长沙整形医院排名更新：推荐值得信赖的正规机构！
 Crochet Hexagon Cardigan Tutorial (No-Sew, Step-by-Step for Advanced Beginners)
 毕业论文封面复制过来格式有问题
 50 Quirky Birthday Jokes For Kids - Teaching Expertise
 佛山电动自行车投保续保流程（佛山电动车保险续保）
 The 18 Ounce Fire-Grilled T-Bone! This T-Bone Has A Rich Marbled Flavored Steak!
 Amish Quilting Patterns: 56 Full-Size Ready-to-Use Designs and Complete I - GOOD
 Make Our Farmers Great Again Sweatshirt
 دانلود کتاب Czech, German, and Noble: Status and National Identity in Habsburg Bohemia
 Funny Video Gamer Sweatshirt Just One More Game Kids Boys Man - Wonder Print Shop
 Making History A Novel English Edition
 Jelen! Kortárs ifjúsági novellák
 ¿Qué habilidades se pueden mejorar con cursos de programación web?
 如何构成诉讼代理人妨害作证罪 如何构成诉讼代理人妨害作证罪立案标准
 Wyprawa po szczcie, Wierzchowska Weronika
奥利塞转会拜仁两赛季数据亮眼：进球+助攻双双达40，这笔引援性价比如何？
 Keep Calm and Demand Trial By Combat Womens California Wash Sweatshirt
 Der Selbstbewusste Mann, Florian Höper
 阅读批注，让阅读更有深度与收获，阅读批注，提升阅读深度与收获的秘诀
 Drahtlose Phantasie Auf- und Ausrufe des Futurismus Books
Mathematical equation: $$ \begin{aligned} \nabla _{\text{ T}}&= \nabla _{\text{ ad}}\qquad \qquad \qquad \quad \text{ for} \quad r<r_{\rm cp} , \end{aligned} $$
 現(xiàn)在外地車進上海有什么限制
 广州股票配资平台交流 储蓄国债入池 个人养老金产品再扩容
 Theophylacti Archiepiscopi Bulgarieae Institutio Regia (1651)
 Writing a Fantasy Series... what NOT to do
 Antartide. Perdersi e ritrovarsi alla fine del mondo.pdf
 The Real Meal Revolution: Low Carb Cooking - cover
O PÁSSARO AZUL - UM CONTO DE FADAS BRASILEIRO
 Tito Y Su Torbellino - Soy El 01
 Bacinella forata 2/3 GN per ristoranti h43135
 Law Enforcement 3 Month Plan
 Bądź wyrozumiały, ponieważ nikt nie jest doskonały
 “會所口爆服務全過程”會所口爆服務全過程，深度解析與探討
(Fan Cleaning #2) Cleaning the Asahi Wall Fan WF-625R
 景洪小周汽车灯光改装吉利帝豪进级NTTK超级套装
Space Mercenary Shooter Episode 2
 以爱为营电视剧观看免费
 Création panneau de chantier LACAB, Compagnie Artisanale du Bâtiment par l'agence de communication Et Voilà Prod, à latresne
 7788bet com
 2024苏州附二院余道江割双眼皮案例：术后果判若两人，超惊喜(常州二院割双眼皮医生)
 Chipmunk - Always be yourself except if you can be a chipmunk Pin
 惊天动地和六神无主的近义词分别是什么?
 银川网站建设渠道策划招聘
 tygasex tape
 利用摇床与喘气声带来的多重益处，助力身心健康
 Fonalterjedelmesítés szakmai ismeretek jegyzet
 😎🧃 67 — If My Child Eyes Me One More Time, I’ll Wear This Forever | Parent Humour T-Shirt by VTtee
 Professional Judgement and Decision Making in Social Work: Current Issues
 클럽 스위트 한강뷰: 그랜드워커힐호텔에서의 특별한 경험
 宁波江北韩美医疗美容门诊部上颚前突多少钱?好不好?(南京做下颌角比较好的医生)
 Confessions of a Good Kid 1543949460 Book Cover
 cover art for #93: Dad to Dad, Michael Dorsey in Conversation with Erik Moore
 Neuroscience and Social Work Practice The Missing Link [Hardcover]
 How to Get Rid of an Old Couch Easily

> [What is being asked]:
Return verbatim each line from the one that mentions "클럽 스위트 한강뷰: 그랜드워커힐호텔에서의 특별한 경험" to the end of the entries, inclusive.

> [Worked solution]:
 클럽 스위트 한강뷰: 그랜드워커힐호텔에서의 특별한 경험
 宁波江北韩美医疗美容门诊部上颚前突多少钱?好不好?(南京做下颌角比较好的医生)
 Confessions of a Good Kid 1543949460 Book Cover
 cover art for #93: Dad to Dad, Michael Dorsey in Conversation with Erik Moore
 Neuroscience and Social Work Practice The Missing Link [Hardcover]
 How to Get Rid of an Old Couch Easily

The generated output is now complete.